A good case could be made that Entergy’s bad acts disqualify it from having the equitable relief of an injunction against the state of Vermont approved by a court. As the US Supreme Court said, the doors of the court should be closed against them.

Laches and Acquiescence

An explanation of the law regarding the equitable defense that applies when a party demonstrates a lack of diligence in enforcing a right and the party asserting the right is harmed by the delay is provided in US Supreme Court cases from 1929 and 1904 and in a Court of Appeals for the Second Circuit case from 1976.

Entergy now claims that it has the right to operate Vermont Yankee after 2012 based on federal preemption and Entergy seeks an injunction to prevent operation of Vermont law and to stop Vermont officials from acting to close the plant on March 21, 2012. However, not only did Entergy fail to assert its alleged right to federal preemption for the past ten years, and not only did Entergy acquiesce to the alleged wrong for all that time, Entergy actively engaged from 2001 (before it even bought the plant) until now with the Vermont Department of Public Service and the Vermont Public Service Board and got vast benefit from its engagement.
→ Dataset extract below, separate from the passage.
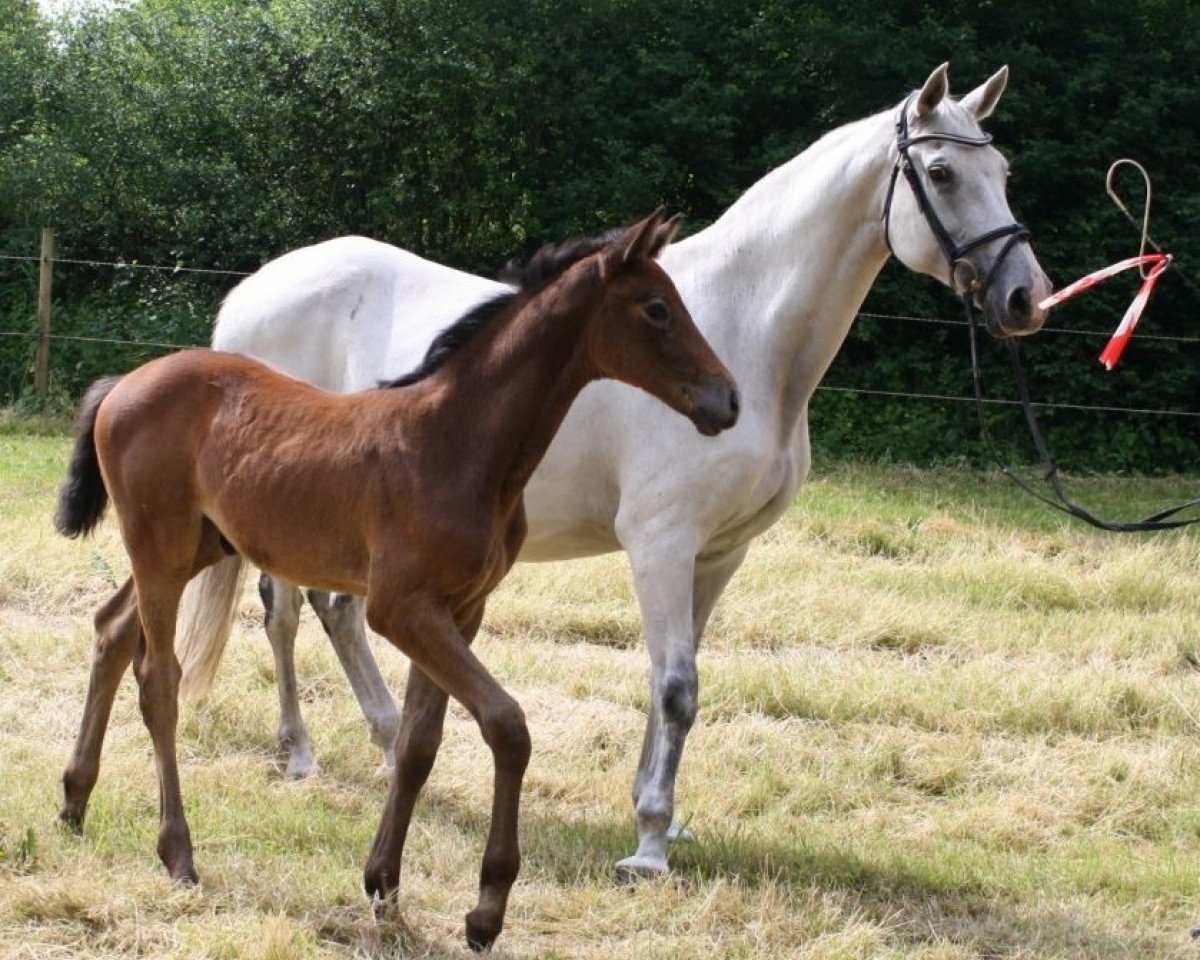 Zuchtstute Regina II (Holsteiner, 2001, von Cassini I)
Its undue delay in asserting its alleged right to claim federal preemption could mean that Entergy gave up on its right, if indeed it ever had one.

Furthermore, five years ago the legislature adopted Act 160 which Entergy now says revoked its obligations under the MOU. At the time Entergy did not oppose the legislation, it passed the House 130-0, and Governor Jim Douglas signed. Entergy made no announcement that the legislation repudiated the MOU. Entergy took no legal action to secure its alleged right to be free of the conditions in the MOU from 2006 until now. During this time Entergy continued to participate in PSB and legislative hearings.

Also during this time the legislature, voters in Vermont towns, agencies, such as the PSB, and public interest organizations and civic minded individuals spent countless hours working to close Vermont Yankee in reliance on the enforceability of the MOU, in reliance on the enforceability of the 2006 statute, and in reliance on the state of Vermont having a say in all but safety matters.

In view of its inaction to assert and defend both its supposed right to federal preemption and its supposed claim that the state had repudiated the MOU in 2006, and in view of the reliance on the MOU and the 2006 statute by state officials and members of the public that the state has authority over non-health related matters at Vermont Yankee nuclear plant, Entergy may have a difficult time explaining why it did not give up its right to claim that the state has no authority when it waited so long to assert this claim.


Entergy’s lawsuit is entirely without factual or legal basis. Its arguments are about as leak-tight as its tritium-spewing Vernon nuclear plant. Its public relations campaign is as honest as its testimony to the Public Service Board about the existence of underground piping. The strongest element in Entergy’s case is that it is a multi-billion dollar corporation, and the courts have been carving out inordinate rights for corporations that demolish the rights of ordinary people. But we the people of Vermont can counter even this unfair advantage using the methods handed down to us by those who founded this state and this country and those who helped expand democracy and equal rights: pulling together, building a visible grassroots campaign, and using our unlimited resource of love, compassion, faith, and courage to demand that the court dismiss Entergy’s bogus law suit and to support the excellent legal work we expect from the attorneys defending our state in the Vermont Attorney General’s office.